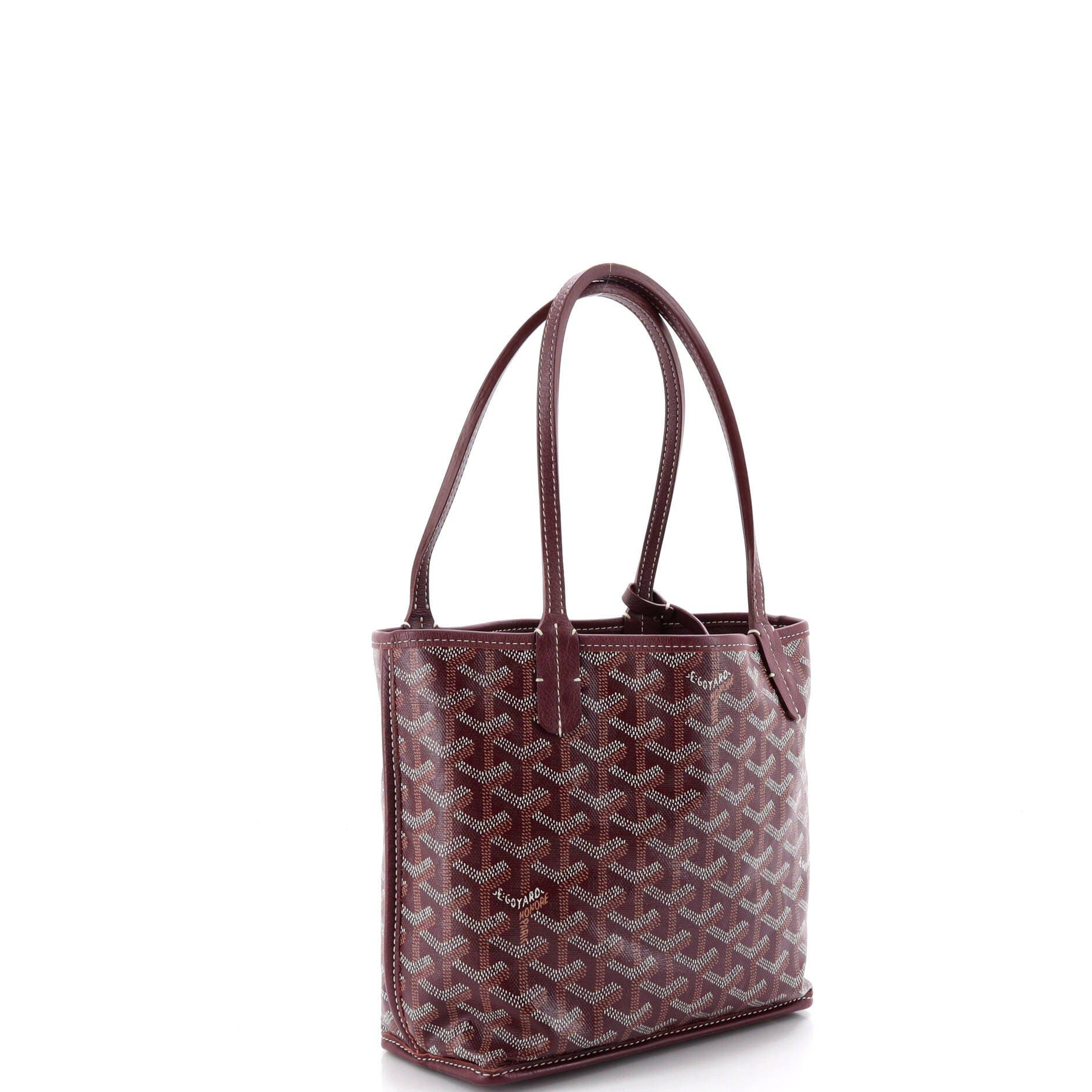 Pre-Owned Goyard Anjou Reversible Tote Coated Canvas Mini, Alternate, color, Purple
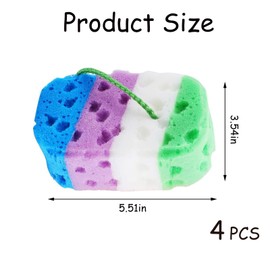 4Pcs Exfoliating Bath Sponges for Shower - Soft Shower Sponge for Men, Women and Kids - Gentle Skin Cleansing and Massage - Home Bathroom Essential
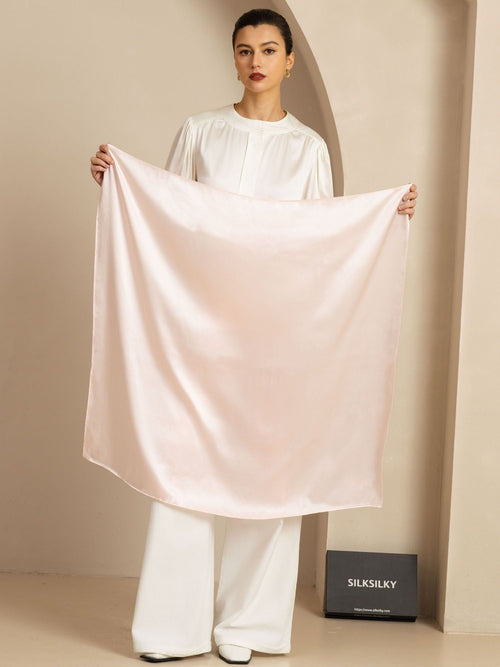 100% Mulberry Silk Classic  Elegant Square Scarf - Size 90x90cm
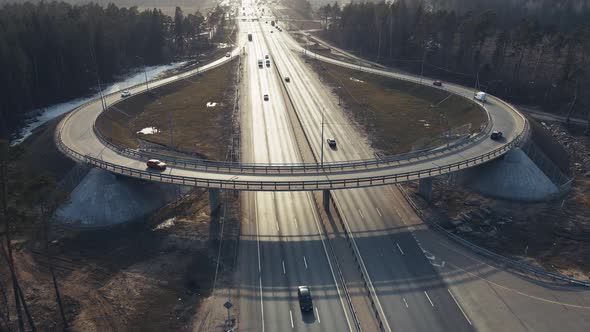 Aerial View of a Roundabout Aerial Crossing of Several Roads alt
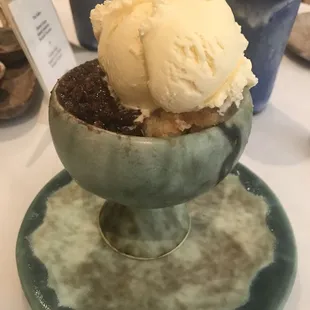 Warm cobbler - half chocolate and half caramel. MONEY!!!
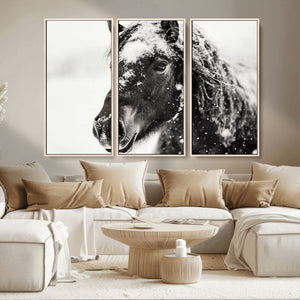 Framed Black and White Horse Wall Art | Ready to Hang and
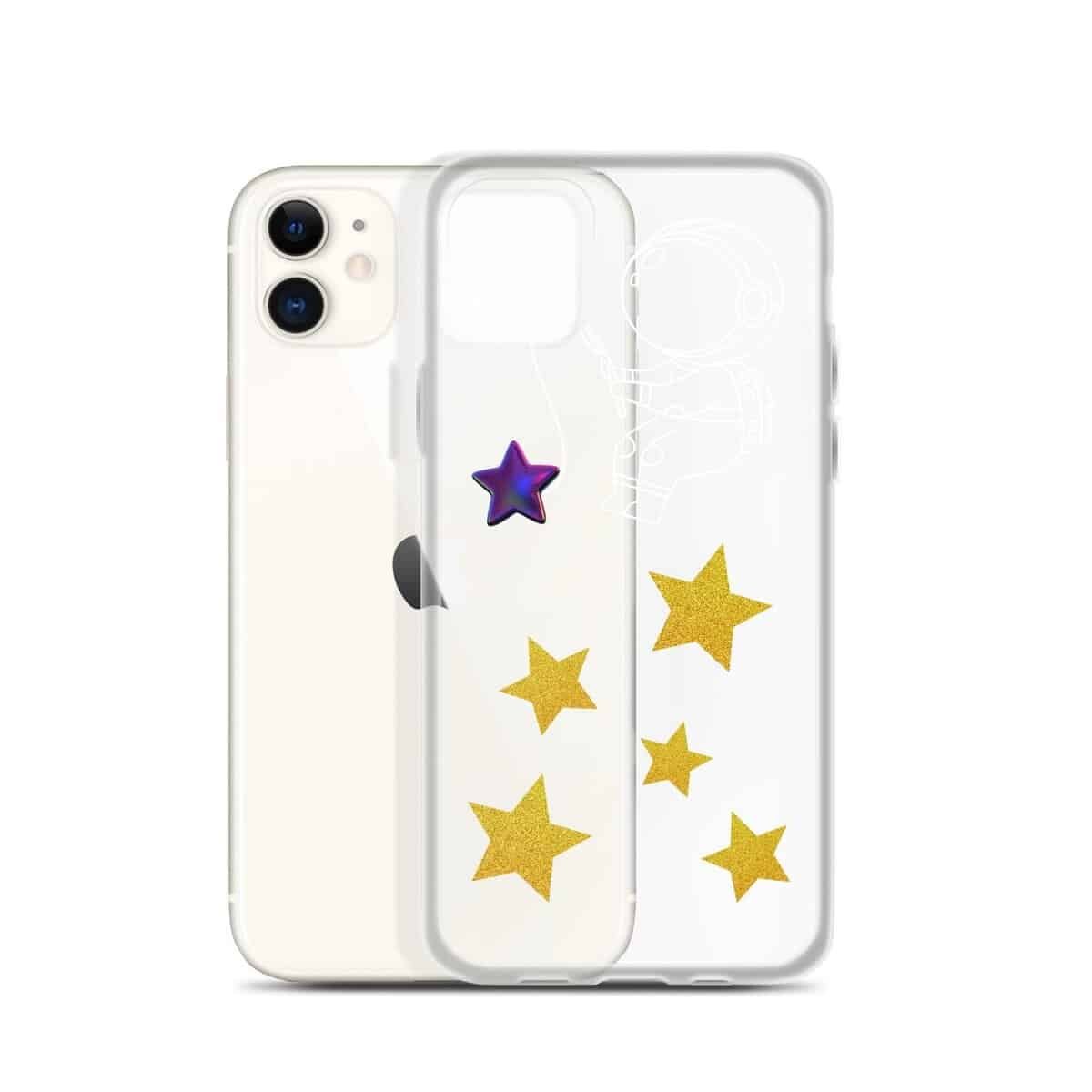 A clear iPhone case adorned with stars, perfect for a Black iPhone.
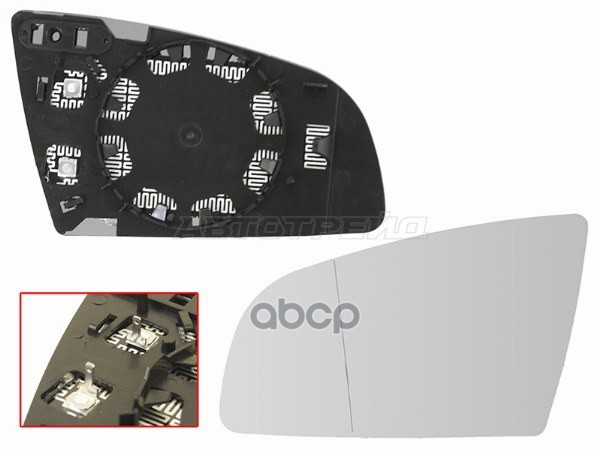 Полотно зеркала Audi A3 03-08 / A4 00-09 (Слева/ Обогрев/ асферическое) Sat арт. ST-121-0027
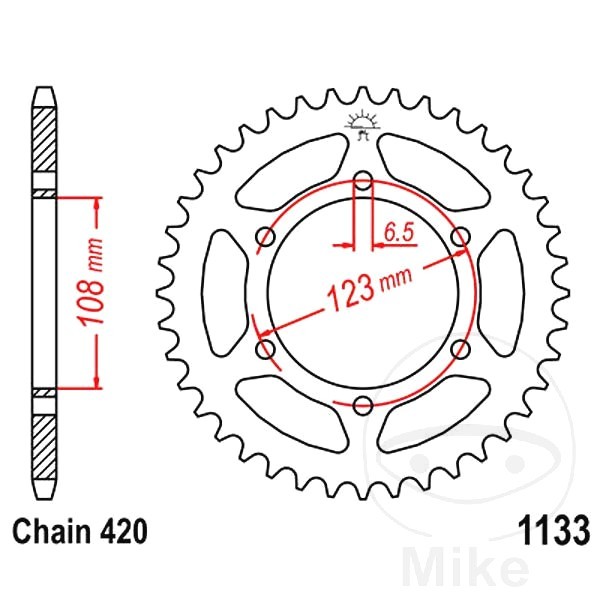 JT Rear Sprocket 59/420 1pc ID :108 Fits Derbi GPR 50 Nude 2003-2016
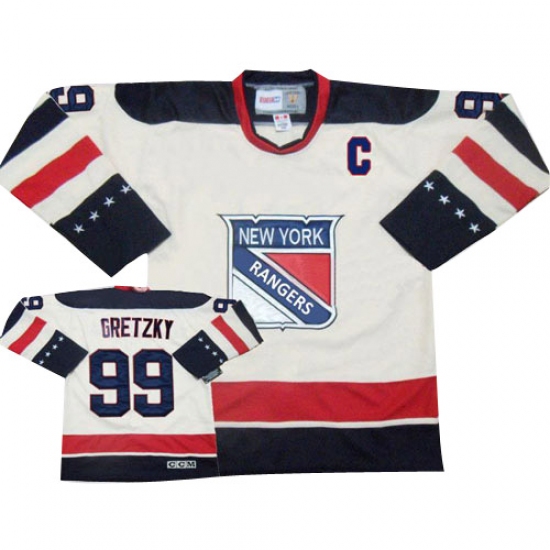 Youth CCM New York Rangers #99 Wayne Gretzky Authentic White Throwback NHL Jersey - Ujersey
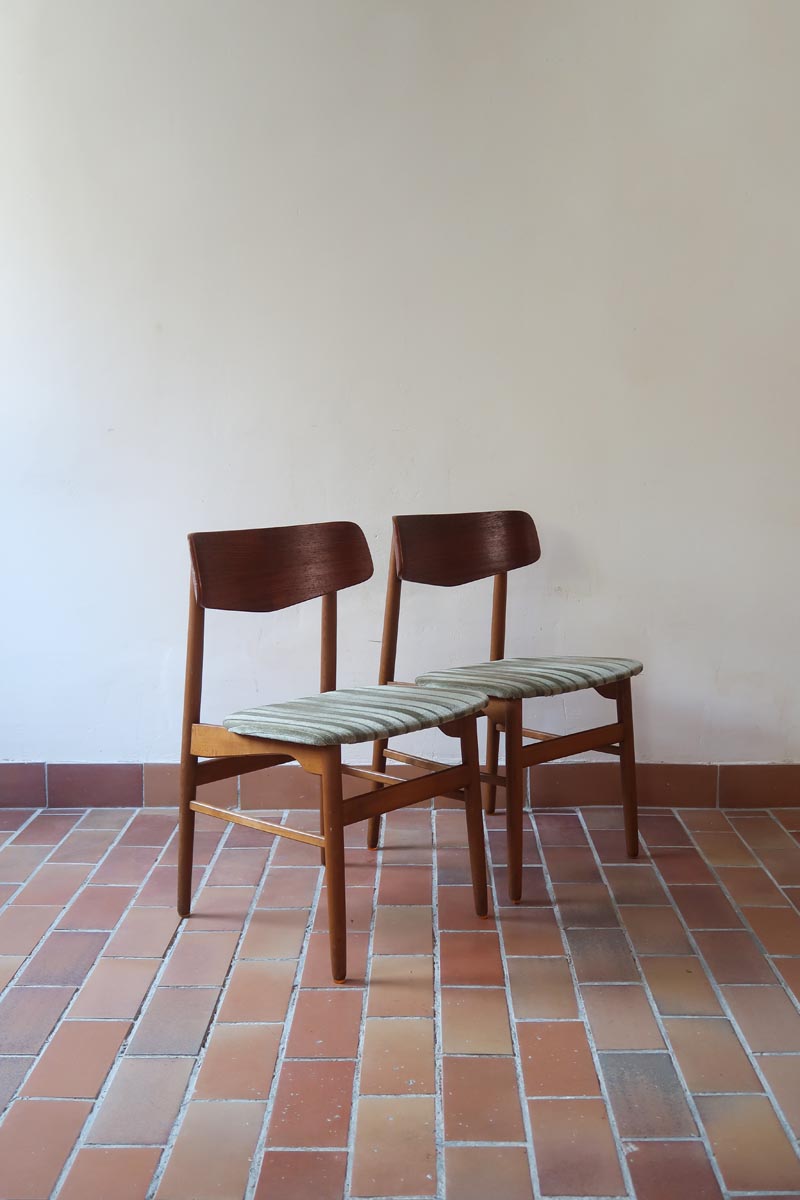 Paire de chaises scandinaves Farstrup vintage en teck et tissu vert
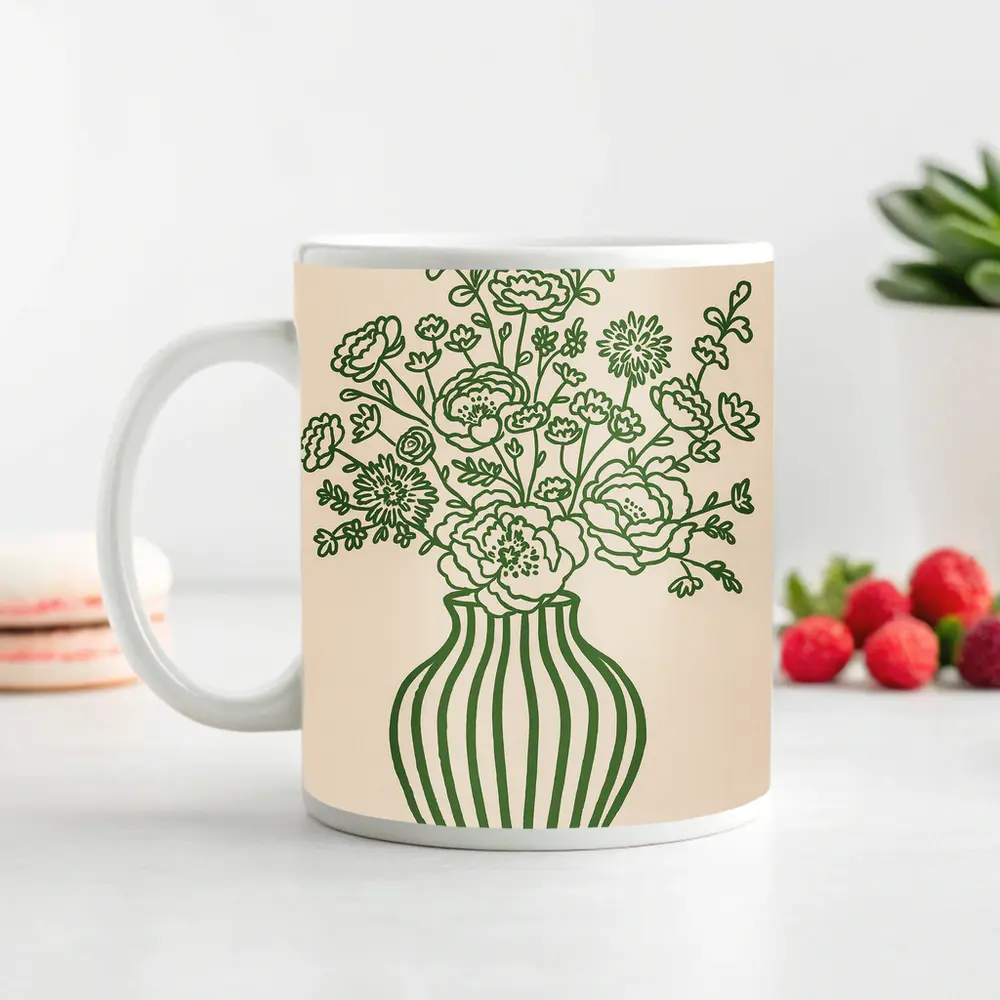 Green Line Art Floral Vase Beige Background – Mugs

════════════════════

Work to complete> Your task is to quote exactly the lines from the one with "Warm cobbler - half" through the end of the material, both included, without reproducing any pictures.

Written answer>
 Warm cobbler - half chocolate and half caramel. MONEY!!!
 Framed Black and White Horse Wall Art | Ready to Hang and
 A clear iPhone case adorned with stars, perfect for a Black iPhone.
 Полотно зеркала Audi A3 03-08 / A4 00-09 (Слева/ Обогрев/ асферическое) Sat арт. ST-121-0027
 JT Rear Sprocket 59/420 1pc ID :108 Fits Derbi GPR 50 Nude 2003-2016
 Youth CCM New York Rangers #99 Wayne Gretzky Authentic White Throwback NHL Jersey - Ujersey
 Paire de chaises scandinaves Farstrup vintage en teck et tissu vert
 Green Line Art Floral Vase Beige Background – Mugs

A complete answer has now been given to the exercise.